Shamai Leibowitz and Jonathan Pollard – a comparison

There are many, many similarities between these two Jews imprisoned in the U.S. for leaking documents having to do with Israel. But there is also one crucial difference.

It turns out that the classified FBI documents which Shamai Leibowitz got jailed for leaking were wiretaps of Israeli embassy lobbying and hasbara activities against Iran.

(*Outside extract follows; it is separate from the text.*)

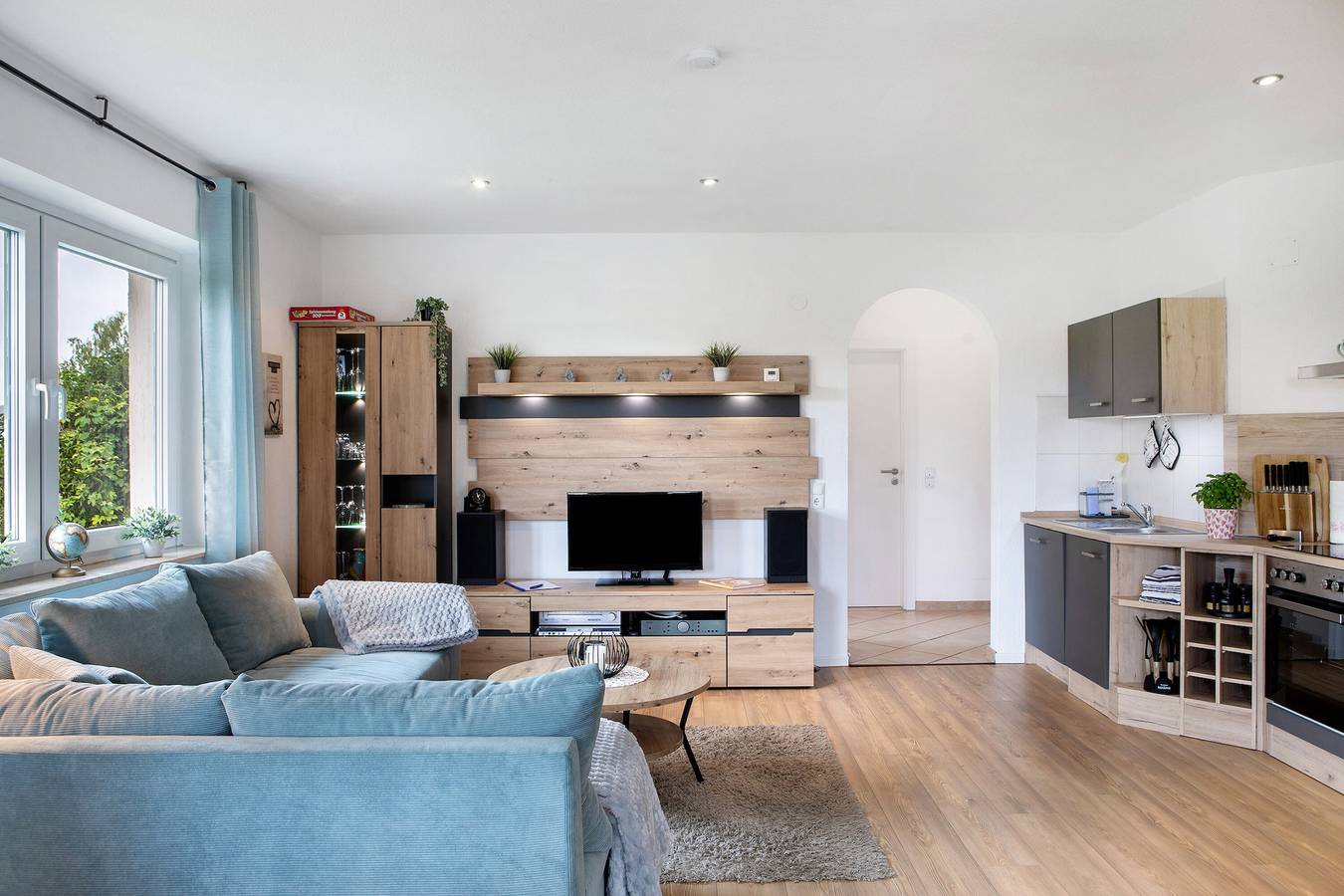 Ganze Wohnung, Ferienwohnung 'Glücksmomente' mit Balkon und Wlan in Habichtswald, Hessisches Bergland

Leibowitz, grandson of Prof. Yeshayahu Leibowitz and a former defense lawyer for Marwan Barghouti, leaked them in 2009 to Tikun Olam blogger Richard Silverstein, who told the story to the New York Times.

“What really concerned Shamai at the time was the possibility of an Israeli strike on Iran, which he thought would be damaging to both Israel and the United States,” said Silverstein.

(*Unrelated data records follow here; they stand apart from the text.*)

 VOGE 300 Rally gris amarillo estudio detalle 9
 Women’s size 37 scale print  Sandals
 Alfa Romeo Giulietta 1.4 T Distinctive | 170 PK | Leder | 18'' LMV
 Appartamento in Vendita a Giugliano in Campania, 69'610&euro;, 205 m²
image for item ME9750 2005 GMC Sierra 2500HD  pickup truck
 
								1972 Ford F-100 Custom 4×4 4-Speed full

Leibowitz pleaded guilty, reportedly before he was even indicted, apologized in court, and got 20 months in prison last year on a plea bargain; he’s now at a half-way house in Maryland.

It’s hard to argue that somebody who leaks classified FBI documents is not committing a crime and should not be punished, but regardless of whether or not he belongs in jail or even a half-way house, Shamai Leibowitz is a hero. And nobody owes him a greater debt of thanks than the people of Israel.

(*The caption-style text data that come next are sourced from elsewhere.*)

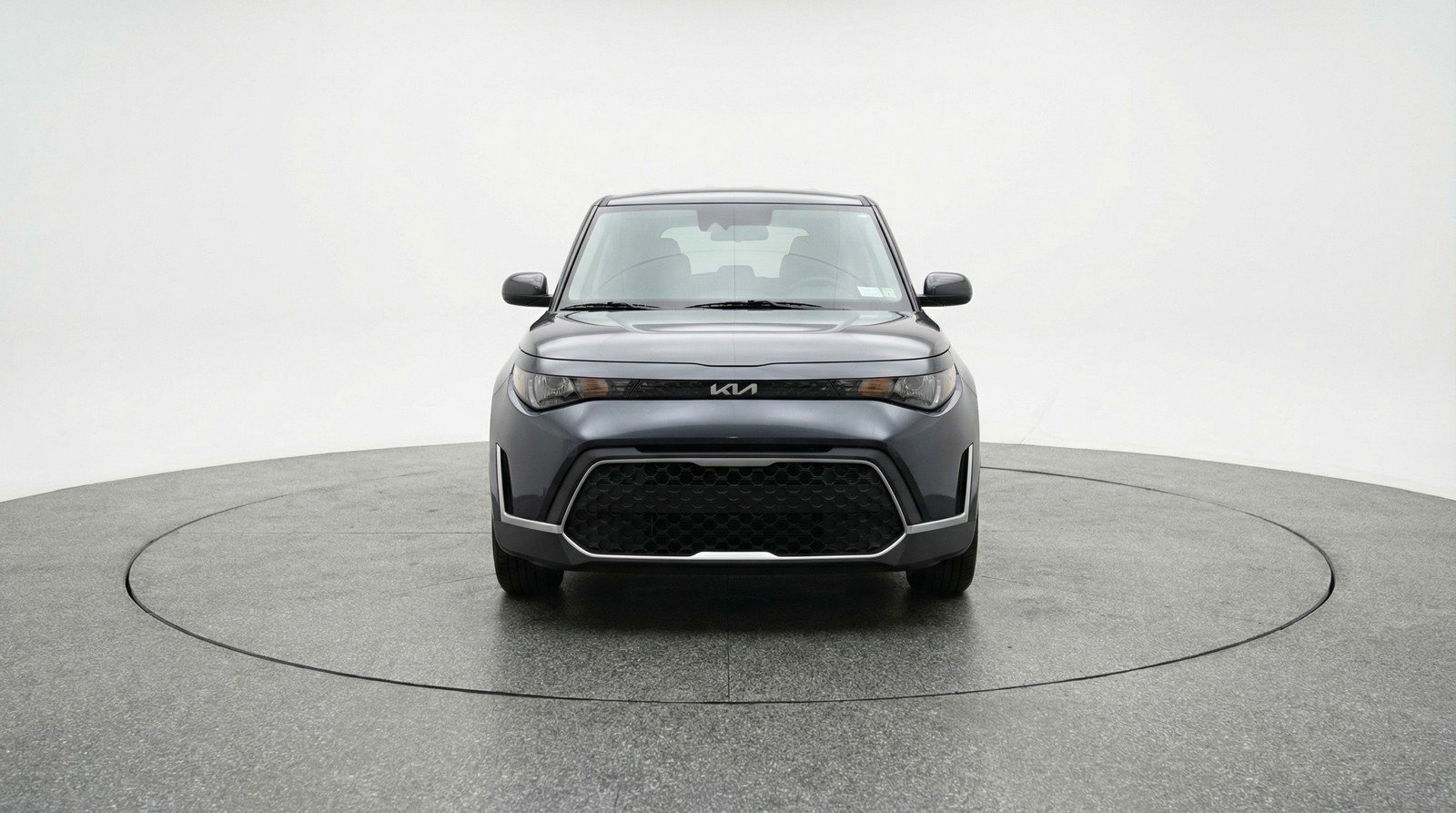 Used 2025 Kia Soul LX w/ LX Technology Package image 2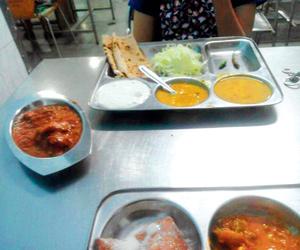 Mumbai: IIT-B non-veg students allowed to eat on regular plates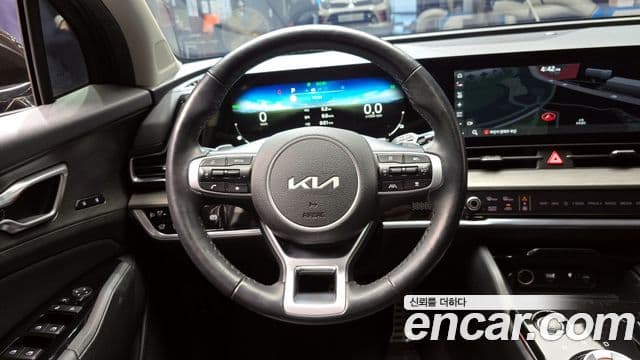 Kia Sportage 5세대 гибрид Signature 2WD, 2022 13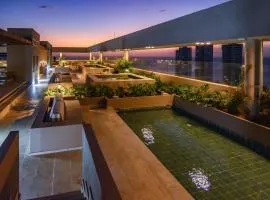 Luxury Loft P12 Vistas al Mar y Sierra Nevada Piscina & Jacuzzi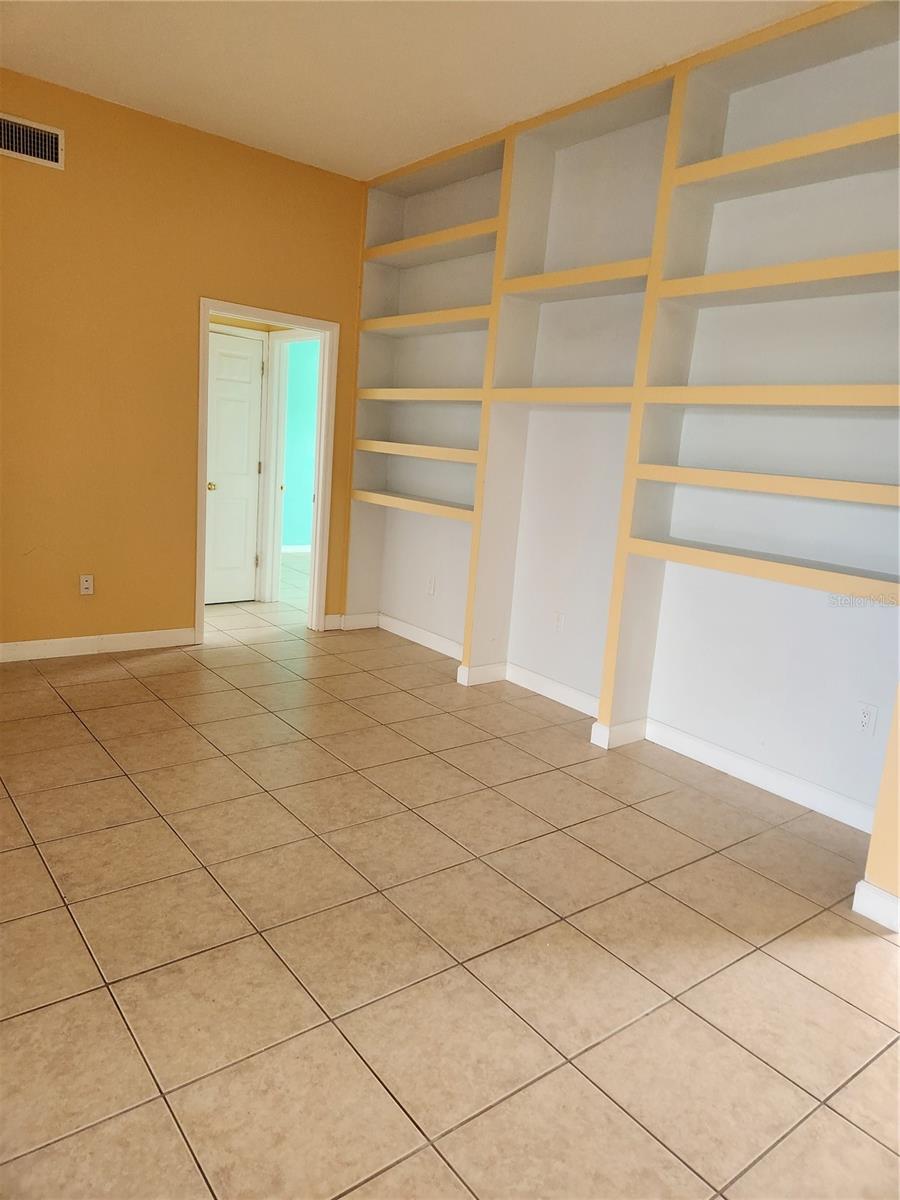 1949 TIPTREE CIR, ORLANDO, FL, 32837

It’s clear enough that he didn’t leak documents that concretely endangered Israel’s, let alone America’s, security; no such claim has been made in or out of court, in the U.S. or in Israel. Rather, he leaked documents that concretely endangered the private side of Israel’s campaign to prepare U.S. opinion for an attack on Iran’s nuclear facilities, something Israel’s leadership certainly seemed eager for in 2009, and could still be.

Silverstein told the BBC that the wiretap transcripts, which Leibowitz had access to as an FBI translator, revealed a “whole panoply of activities” – keeping tabs on congressmen and arranging for the ghost-writing of op-eds, for instance – that were “designed to create a real punitive attitude toward Iran.” The intelligence community has a term for it, Silverstein said – “perception management.”

None of what the Israeli embassy was doing sounds illegal or even surprising – the thing is that it was done to advance the most dangerous, ideologically insane project this country’s come up with since I don’t when: bombing Iran.

Without repeating things I’ve written over and over, I think an Israeli attack on Iran would set in motion at least a bilateral WMD war, very possibly a regional one. Without even trying to imagine how many people might get killed, I think it would be the end of this country. It’s unclear how popular the idea of bombing Iran remains among Israel’s power elite today, given the changes in Egypt and the rest of the Arab world, and due to statements by Meir Dagan. Yet it was quite popular in 2009.

Shamai Leibowitz went to jail for trying to head off such an attack, and to the extent that Tikun Olam’s postings gained attention, he did his bit for a great, historic cause. Silverstein, who also deserves credit, told the BBC that Leibowitz dreaded that if he didn’t leak the wiretaps and the “disaster” happened, “he would look back and feel that he might have been able to do something to prevent it.”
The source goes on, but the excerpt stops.